Editorial por Sergio Raynoldi
Está todo el país pendiente de la inminente resolución de la Corte Suprema de Justicia. Según informan los principales medios nacionales, los jueces ya habrían emitido su voto sobre si dejan o no firme la condena contra Cristina Fernández de Kirchner. La sentencia dictada establece seis años de prisión —que, por su edad, probablemente sea domiciliaria— y la inhabilitación perpetua para ejercer cargos públicos.
Desde este espacio siempre sostuvimos lo mismo: la Justicia debe actuar cuando corresponde, no cuando conviene políticamente. Sin embargo, por los artilugios legales y las demoras que el propio sistema permite, este proceso se estiró muchísimo más de lo debido. Primera instancia, Cámara, Casación, Corte Suprema… años y años. La condena de primera instancia estaba firme; faltaba la revisión del máximo tribunal para cerrar el ciclo.
La Corte Suprema no evalúa la culpabilidad o inocencia, sino si el proceso fue realizado respetando las garantías constitucionales y el debido proceso. Si da su visto bueno, la condena quedará definitivamente firme. Y todo indica que así será. No fue sorpresivo: después de las recusaciones fallidas a Lorenzetti, Rosatti y Rosenkrantz, este final era previsible.
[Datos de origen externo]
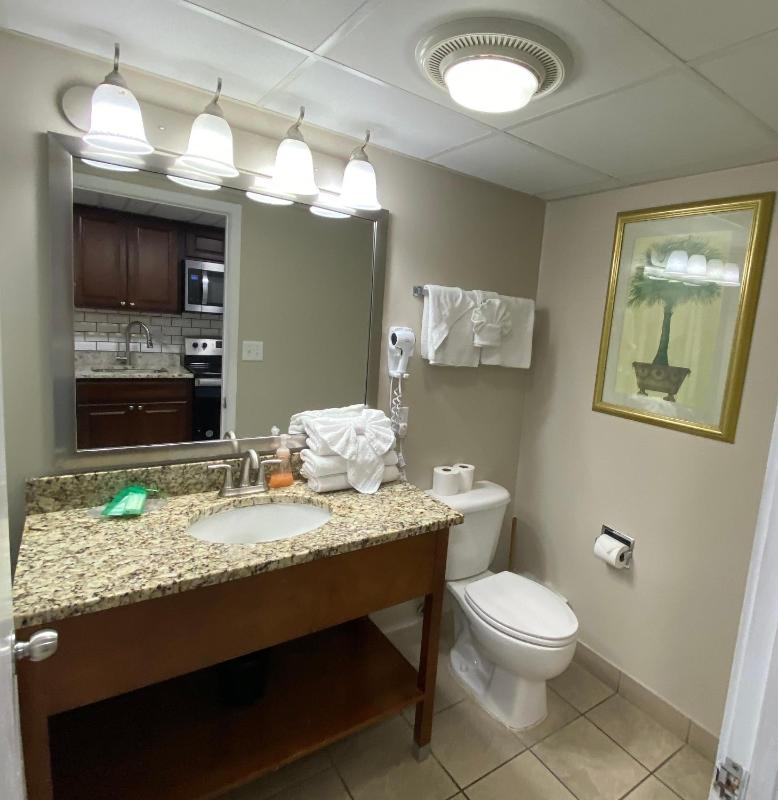 Camelot By The Sea Ocean Front Condo - image 11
Seis años de prisión. Y, sobre todo, la inhabilitación perpetua para ocupar cargos públicos. No es proscripción: es condena, dictada por la Justicia. A efectos prácticos, Cristina queda afuera de la política formal.
No voy a meterme en tecnicismos jurídicos; no soy abogado. Pero sí quiero decir algo en términos políticos. Siempre criticamos que la Justicia argentina permite que causas sensibles se extiendan hasta que se transforman en herramientas políticas. Eso debilita a la Justicia. Y ahora, cuando por fin parece actuar, inevitablemente genera sospechas. ¿Por qué ahora? ¿Por qué en este contexto?
Pero la Justicia debe hacer lo que tiene que hacer. Si Cristina es culpable, debe cumplir con su condena. La acumulación de pruebas, los testimonios, los indicios de corrupción y malversación en la obra pública son contundentes. La acusación de asociación ilícita elevaba incluso la pena potencial. Pero más allá de eso, este momento marca un punto de inflexión.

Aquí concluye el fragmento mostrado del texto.